*ASSIGNED TASK*
Print the line that contains "Hylaea Unisex Non", then every line after it until the entries end, exactly as they read; do not include pictures.

[Scraped caption text data]
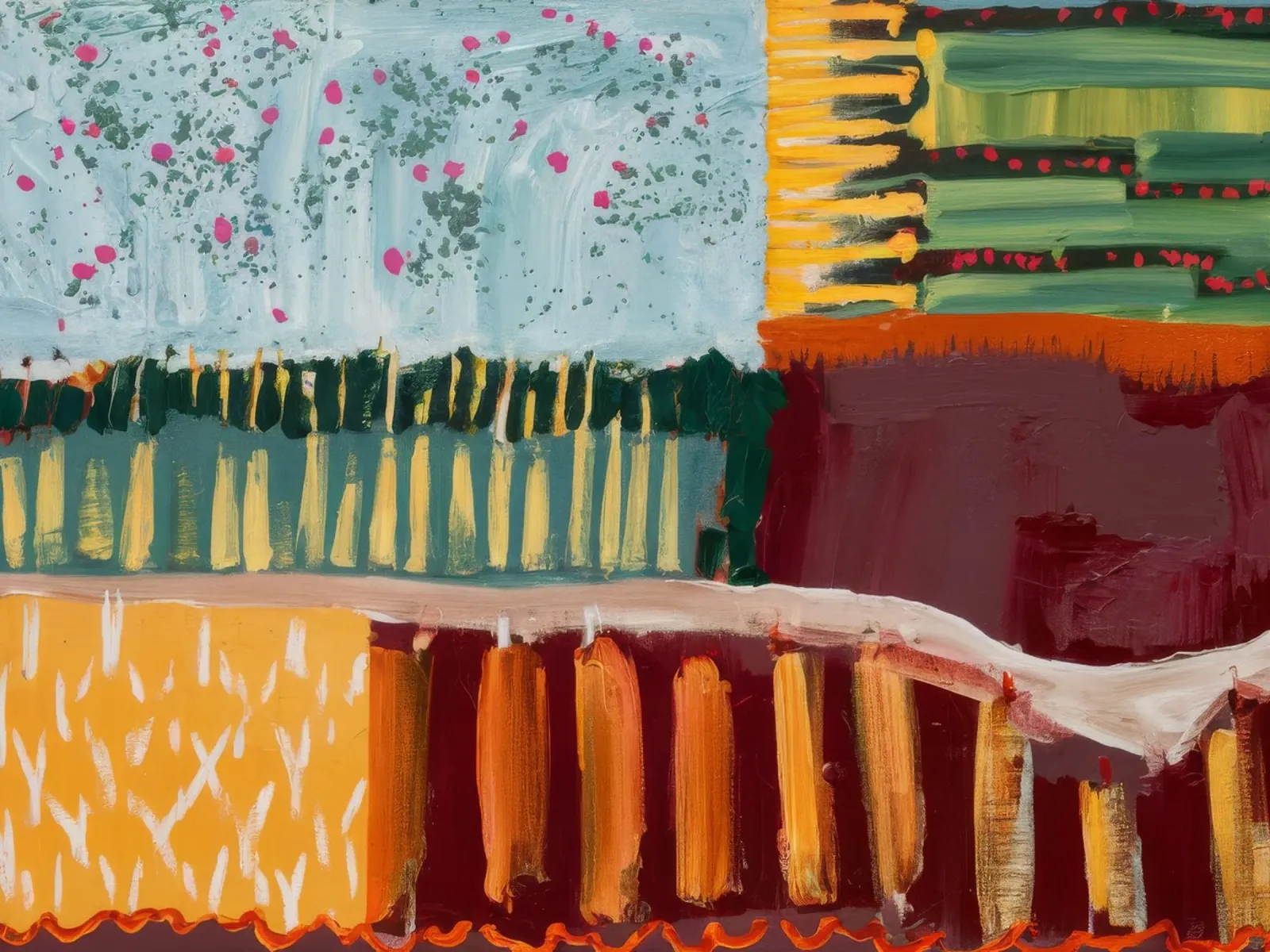 Autumnal Pattern Blocks canvas by Sublime Layers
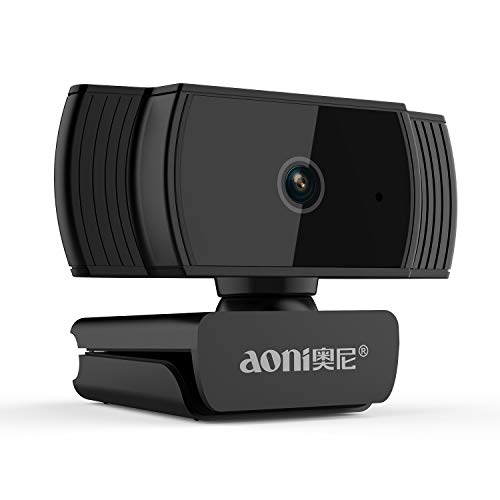 COVVY Full HD 1080P Webcam, Auto Focus USB Live Streaming Camera with Noise Canceling Microphone for Meeting, Skype, YouTube, Facebook Chatting & Video Recording, Compatible with Windows 10/8/7/XP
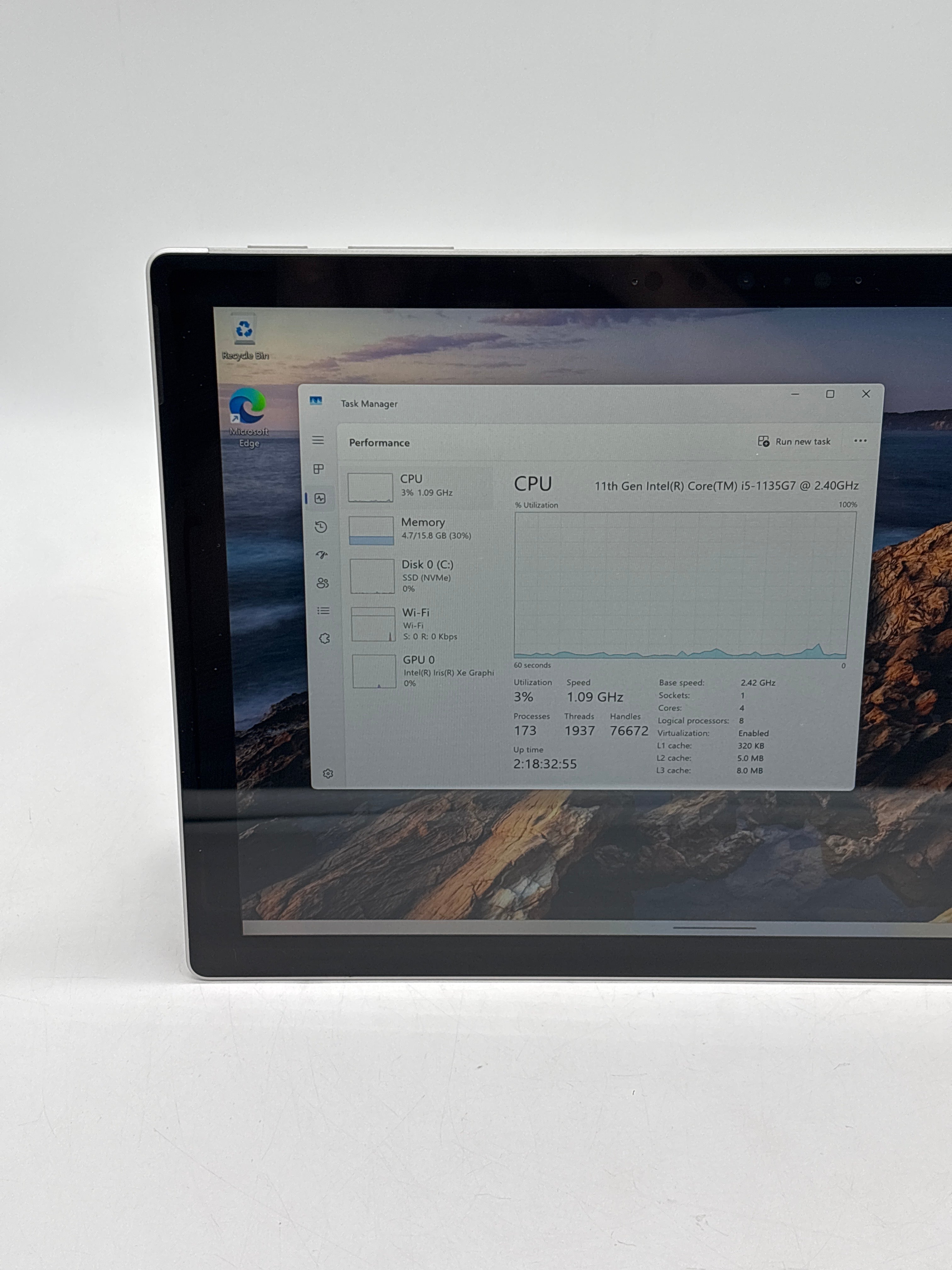 Microsoft Surface Pro 7+ 1960 i5-1135G7 16GB RAM 256GB SSD -  With New Dock
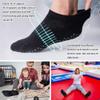 Hylaea Unisex Non Slip Gripper Socks with Cushion for Yoga Pilates Barre Home Hospital Black Large X-Large 6 Pairs view 3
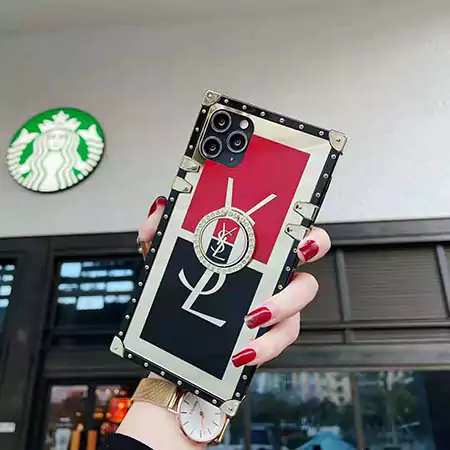 YSL iphone13カバーリング付き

*ANSWER TO THE EXERCISE*
 Hylaea Unisex Non Slip Gripper Socks with Cushion for Yoga Pilates Barre Home Hospital Black Large X-Large 6 Pairs view 3
 YSL iphone13カバーリング付き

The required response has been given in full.